Start of Block
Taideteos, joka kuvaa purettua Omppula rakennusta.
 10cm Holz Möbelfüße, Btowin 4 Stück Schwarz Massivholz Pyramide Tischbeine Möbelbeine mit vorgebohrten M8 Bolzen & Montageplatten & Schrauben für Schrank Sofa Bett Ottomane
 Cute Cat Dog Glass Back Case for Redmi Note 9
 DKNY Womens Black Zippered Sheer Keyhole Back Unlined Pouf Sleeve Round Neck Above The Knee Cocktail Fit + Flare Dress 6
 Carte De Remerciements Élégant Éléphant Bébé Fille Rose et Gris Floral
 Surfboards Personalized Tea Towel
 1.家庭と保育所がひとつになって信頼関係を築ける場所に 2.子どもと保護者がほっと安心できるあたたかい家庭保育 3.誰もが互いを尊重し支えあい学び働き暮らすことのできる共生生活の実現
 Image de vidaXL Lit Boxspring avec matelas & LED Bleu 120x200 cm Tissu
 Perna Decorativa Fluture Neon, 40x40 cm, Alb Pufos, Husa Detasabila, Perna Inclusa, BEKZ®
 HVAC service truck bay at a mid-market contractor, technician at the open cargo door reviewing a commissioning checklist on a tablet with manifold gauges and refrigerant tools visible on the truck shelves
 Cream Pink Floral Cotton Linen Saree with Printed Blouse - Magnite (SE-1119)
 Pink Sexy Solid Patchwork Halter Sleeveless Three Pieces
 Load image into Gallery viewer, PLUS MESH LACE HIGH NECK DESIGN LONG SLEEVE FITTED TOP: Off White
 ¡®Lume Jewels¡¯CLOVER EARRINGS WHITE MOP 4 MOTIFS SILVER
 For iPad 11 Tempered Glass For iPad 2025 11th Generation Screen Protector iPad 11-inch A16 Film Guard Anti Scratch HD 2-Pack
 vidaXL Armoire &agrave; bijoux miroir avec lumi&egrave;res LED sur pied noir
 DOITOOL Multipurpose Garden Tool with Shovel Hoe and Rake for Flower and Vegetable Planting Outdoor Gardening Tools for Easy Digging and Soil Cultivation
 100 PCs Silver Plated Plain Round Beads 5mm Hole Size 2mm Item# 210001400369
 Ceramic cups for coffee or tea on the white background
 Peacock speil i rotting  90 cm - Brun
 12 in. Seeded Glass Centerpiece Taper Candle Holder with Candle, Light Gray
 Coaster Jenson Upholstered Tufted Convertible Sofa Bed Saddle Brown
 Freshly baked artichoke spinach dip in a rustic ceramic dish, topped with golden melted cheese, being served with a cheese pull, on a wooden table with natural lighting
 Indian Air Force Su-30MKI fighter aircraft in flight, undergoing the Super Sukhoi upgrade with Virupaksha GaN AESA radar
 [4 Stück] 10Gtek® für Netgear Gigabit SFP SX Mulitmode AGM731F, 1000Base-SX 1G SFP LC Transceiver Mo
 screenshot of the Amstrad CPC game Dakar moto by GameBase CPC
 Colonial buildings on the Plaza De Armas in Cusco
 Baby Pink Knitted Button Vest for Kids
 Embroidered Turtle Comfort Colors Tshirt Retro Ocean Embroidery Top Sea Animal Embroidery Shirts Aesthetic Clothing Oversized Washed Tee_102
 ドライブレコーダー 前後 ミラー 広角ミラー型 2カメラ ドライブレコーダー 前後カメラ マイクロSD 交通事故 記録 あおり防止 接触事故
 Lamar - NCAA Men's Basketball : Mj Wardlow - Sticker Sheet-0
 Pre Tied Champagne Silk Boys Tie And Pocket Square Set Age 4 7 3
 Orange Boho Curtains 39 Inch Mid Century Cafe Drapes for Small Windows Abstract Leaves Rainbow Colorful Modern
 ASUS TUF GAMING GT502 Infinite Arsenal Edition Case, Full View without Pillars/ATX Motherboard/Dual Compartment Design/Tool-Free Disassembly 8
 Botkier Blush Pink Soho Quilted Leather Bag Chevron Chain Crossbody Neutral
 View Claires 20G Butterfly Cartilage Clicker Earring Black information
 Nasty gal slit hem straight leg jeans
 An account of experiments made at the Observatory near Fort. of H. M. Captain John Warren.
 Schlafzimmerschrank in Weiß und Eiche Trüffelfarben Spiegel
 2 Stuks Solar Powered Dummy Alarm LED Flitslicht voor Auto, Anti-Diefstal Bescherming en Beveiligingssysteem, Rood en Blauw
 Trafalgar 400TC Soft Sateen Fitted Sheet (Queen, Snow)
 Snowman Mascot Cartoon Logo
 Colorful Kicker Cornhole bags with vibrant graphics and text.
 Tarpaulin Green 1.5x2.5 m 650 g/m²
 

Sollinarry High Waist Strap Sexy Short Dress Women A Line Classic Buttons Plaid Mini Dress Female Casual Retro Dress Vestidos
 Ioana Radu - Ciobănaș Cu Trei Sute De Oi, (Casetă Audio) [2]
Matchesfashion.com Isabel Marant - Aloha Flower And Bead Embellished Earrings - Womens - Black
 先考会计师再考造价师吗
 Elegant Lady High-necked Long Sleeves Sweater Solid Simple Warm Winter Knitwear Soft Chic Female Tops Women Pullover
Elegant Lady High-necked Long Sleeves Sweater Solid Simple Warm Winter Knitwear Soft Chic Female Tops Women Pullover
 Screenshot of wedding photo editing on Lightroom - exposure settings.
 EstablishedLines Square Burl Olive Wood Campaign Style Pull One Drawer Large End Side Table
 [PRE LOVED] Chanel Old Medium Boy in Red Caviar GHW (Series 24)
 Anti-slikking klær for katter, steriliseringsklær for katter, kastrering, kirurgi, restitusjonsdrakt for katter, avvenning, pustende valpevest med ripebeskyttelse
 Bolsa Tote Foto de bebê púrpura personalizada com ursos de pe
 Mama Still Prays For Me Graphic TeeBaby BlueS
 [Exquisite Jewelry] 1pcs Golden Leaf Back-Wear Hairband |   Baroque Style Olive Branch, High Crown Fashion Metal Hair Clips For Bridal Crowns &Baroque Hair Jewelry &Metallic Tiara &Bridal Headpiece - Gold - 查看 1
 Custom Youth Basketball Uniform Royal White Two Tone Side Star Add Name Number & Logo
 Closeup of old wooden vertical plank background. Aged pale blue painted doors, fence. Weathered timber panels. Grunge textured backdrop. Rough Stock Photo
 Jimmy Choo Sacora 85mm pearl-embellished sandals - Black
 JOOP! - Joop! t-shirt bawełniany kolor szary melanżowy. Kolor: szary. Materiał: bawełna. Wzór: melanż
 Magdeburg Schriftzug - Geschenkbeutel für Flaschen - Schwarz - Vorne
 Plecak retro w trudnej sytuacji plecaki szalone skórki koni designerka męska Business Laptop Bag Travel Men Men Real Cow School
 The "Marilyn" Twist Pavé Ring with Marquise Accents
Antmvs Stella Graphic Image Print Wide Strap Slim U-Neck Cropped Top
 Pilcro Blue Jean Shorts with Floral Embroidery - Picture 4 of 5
End of Block
[Goal of the exercise]: Starting at the line above that contains "Cute Cat Dog", repeat each line exactly up to and including the line that contains "For iPad 11", and stop there.

[Response area]:
 Cute Cat Dog Glass Back Case for Redmi Note 9
 DKNY Womens Black Zippered Sheer Keyhole Back Unlined Pouf Sleeve Round Neck Above The Knee Cocktail Fit + Flare Dress 6
 Carte De Remerciements Élégant Éléphant Bébé Fille Rose et Gris Floral
 Surfboards Personalized Tea Towel
 1.家庭と保育所がひとつになって信頼関係を築ける場所に 2.子どもと保護者がほっと安心できるあたたかい家庭保育 3.誰もが互いを尊重し支えあい学び働き暮らすことのできる共生生活の実現
 Image de vidaXL Lit Boxspring avec matelas & LED Bleu 120x200 cm Tissu
 Perna Decorativa Fluture Neon, 40x40 cm, Alb Pufos, Husa Detasabila, Perna Inclusa, BEKZ®
 HVAC service truck bay at a mid-market contractor, technician at the open cargo door reviewing a commissioning checklist on a tablet with manifold gauges and refrigerant tools visible on the truck shelves
 Cream Pink Floral Cotton Linen Saree with Printed Blouse - Magnite (SE-1119)
 Pink Sexy Solid Patchwork Halter Sleeveless Three Pieces
 Load image into Gallery viewer, PLUS MESH LACE HIGH NECK DESIGN LONG SLEEVE FITTED TOP: Off White
 ¡®Lume Jewels¡¯CLOVER EARRINGS WHITE MOP 4 MOTIFS SILVER
 For iPad 11 Tempered Glass For iPad 2025 11th Generation Screen Protector iPad 11-inch A16 Film Guard Anti Scratch HD 2-Pack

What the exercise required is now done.